Easily accessible, accurate health data is necessary to understand clinical information in real time, prevent medical errors, and make public-health decisions before, during, and after times of crisis. But as COVID-19 and monkeypox have shown, the US and others are falling far short of this standard.

FAIRFIELD COUNTY, CT – With COVID-19 still an ever-present threat and monkeypox cases rising alongside existing chronic health epidemics, building strong, responsive public health systems has never been more important. But it will require developing effective data management, pursuing sustained investment and training, and building trust through clear communication and community engagement. Here, I want to focus on the data problem.

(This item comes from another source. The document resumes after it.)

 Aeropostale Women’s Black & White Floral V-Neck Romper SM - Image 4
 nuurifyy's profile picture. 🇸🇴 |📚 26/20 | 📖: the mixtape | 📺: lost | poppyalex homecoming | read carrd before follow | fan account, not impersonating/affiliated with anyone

Standardized, comprehensive health data is at the heart of any public-health system, whether the task is conducting infectious-disease surveillance or understanding why some diseases affect certain populations more than others. Easily accessible, accurate health data is necessary to understand clinical information in real time, prevent medical errors, and make decisions about public-health measures before, during, and after times of crisis.

Our response to the COVID-19 pandemic has clearly been hampered by the slow and inconsistent reporting of critical public-health data. In the absence of universal standards, many public-health systems and practitioners rely on outmoded forms of communication such as paper and fax, which do not allow for rapid sharing. More than two years into the pandemic, we still cannot easily draw on the latest data to answer basic questions, such as what COVID-19’s mortality rate is according to patient variables.